Moreover, “The Bacchae” is a visceral experience as lively as any contemporary musical or drama, according to Williams.
Saltbox has preserved the tradition of a masked chorus, the director noted, which is traditionally as important as the play’s spectacle and story.
“I feel that the body is a text.…I’ve always said the chorus is the lead actor of a Greek play. Yes, we have Pentheus and we have Dionysius, but we have nothing without the chorus,” Fruits said.
“It’s a remarkably physical role,” added Danielle Swanson, chorus leader.
“It takes a lot of mental, physical, and emotional stamina,” Swanson said. “The Greeks were extremely passionate people ... [“The Bacchae”] really explores raw emotions. There’s going to be times when the audience feels really uncomfortable, and that’s okay. We want the audience to embrace those feelings as we take them on this journey.”

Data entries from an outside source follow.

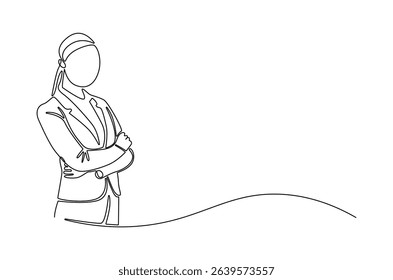 Continuous one line drawing of Business woman. Single line drawing illustration of Lady entrepreneur. Professional executive manager concept vector art. Doodle line illustration.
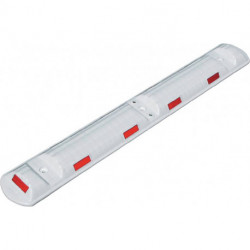 Bordure L1170xl150xH50 mm carbonat de polypropylène blanc avec bandes réfléchiss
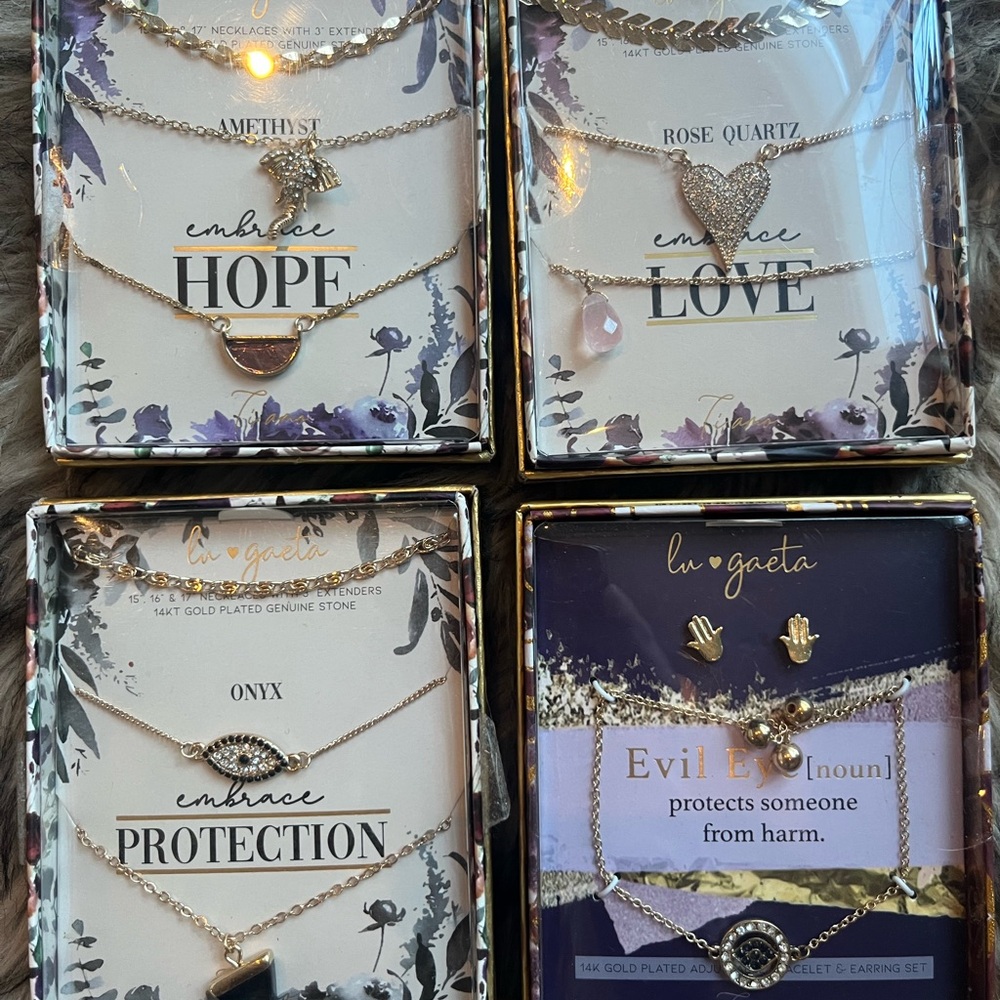Precious Stone Necklace Set all 4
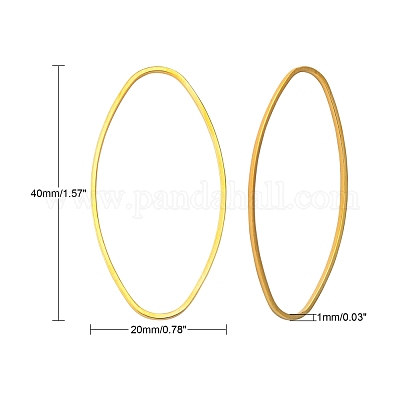 アクセサリーのリンクリング  真鍮  楕円  黄金色にプレーティング  約20 mm幅  長さ40mm  厚さ1mm&nbsp;EC021-G-1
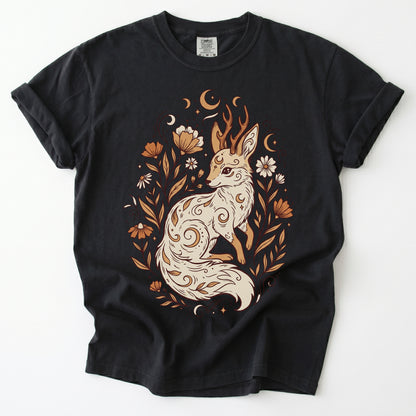 Mystical Horned Fox Vintage Washed T-Shirt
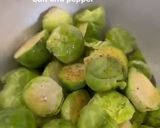 A picture of step 1 of Festive Pan Fried Brussel Sprouts with Sticky Gochujang Sauce 🌶 🎄.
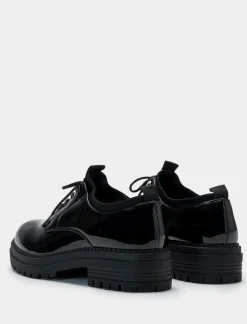 Piazza Italia Scarpa stringata di vernice con fondo roccia - Nero Cheap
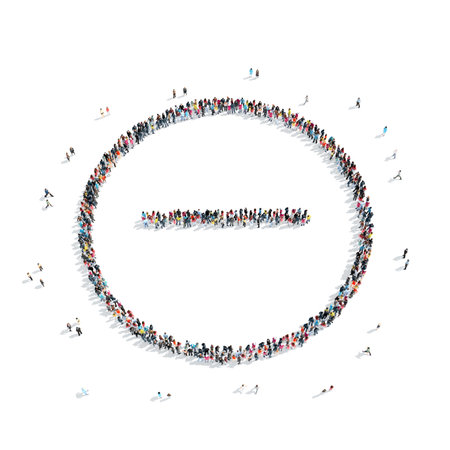A group of people in the shape of minus , flash mob.の写真素材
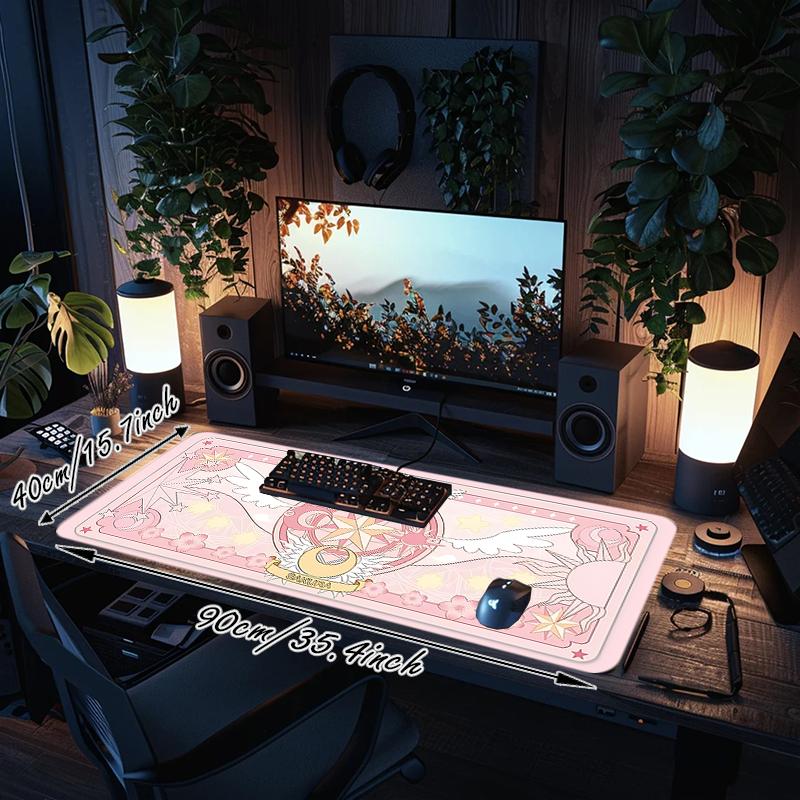 1Pc Magical Pink Card Gaming Mouse Pad Keyboard Desk Mat Non-slip Rubber Lock Edge Waterproof Computer Mousepad for Office Home Decor Y1388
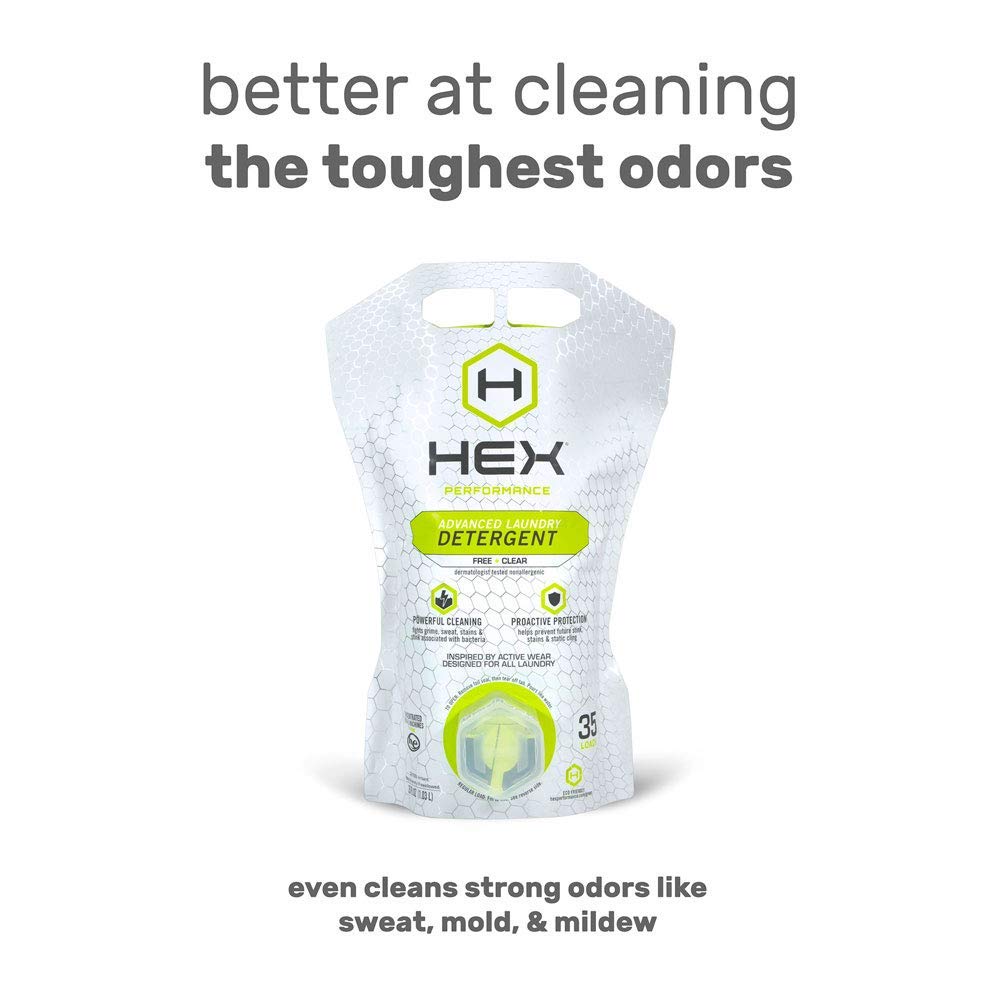 HEX Performance Advanced Laundry Detergent, Free + Clear, Yields 35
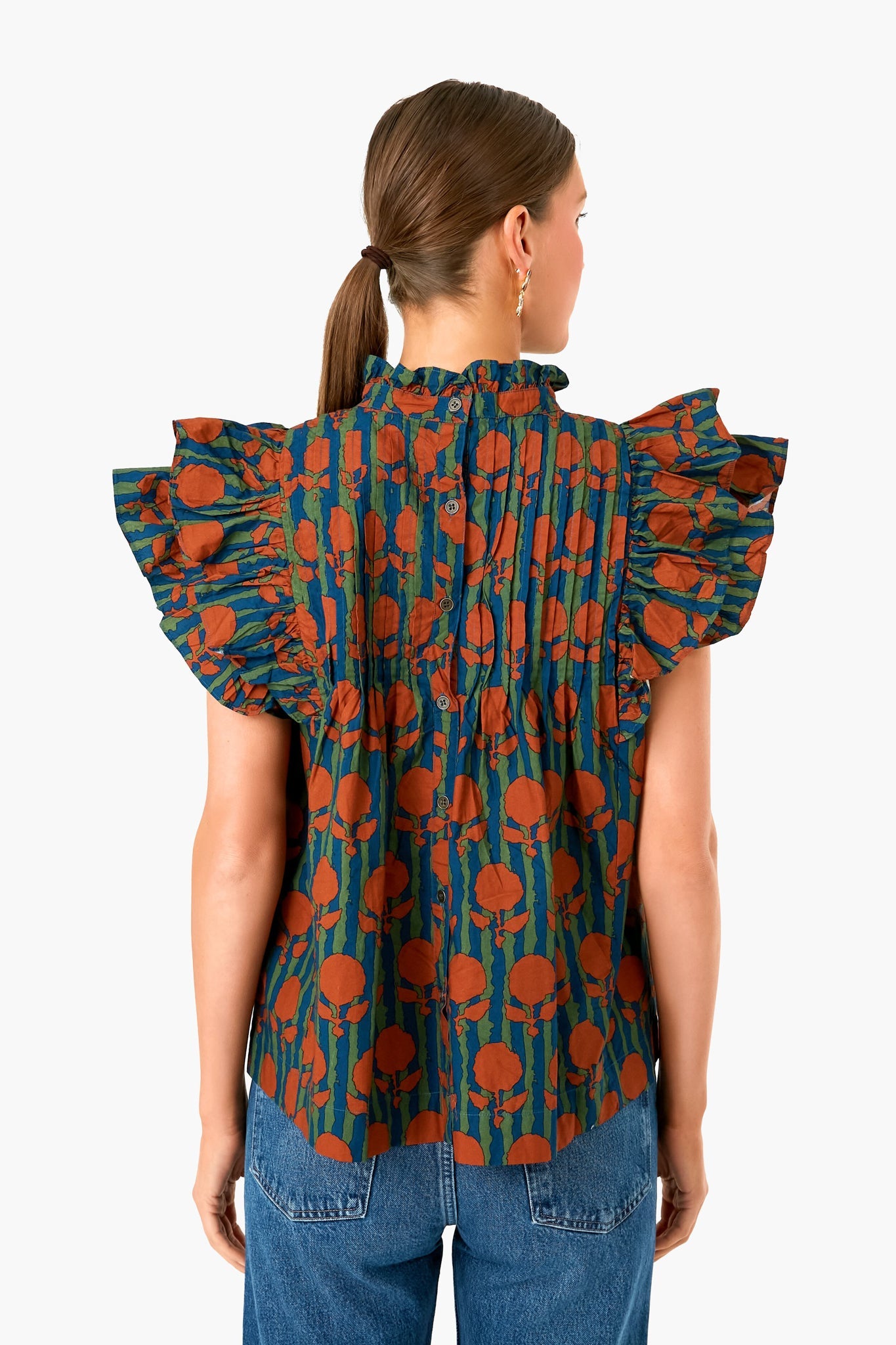 Cognac Istanbul Pintuck Ruffle Top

The term ‘ancient Greek tragedy’ may conjure imagery of old men in togas, dryly musing over philosophical texts. However, Fruits suggested contemporary audiences need not doubt “The Bacchae”is a frenzied roller-coaster ride, more than capable of capturing their attention.
“We have masks, we have echoing, we have stylized dance…We’re rock and roll and we’re ready to go,” he said.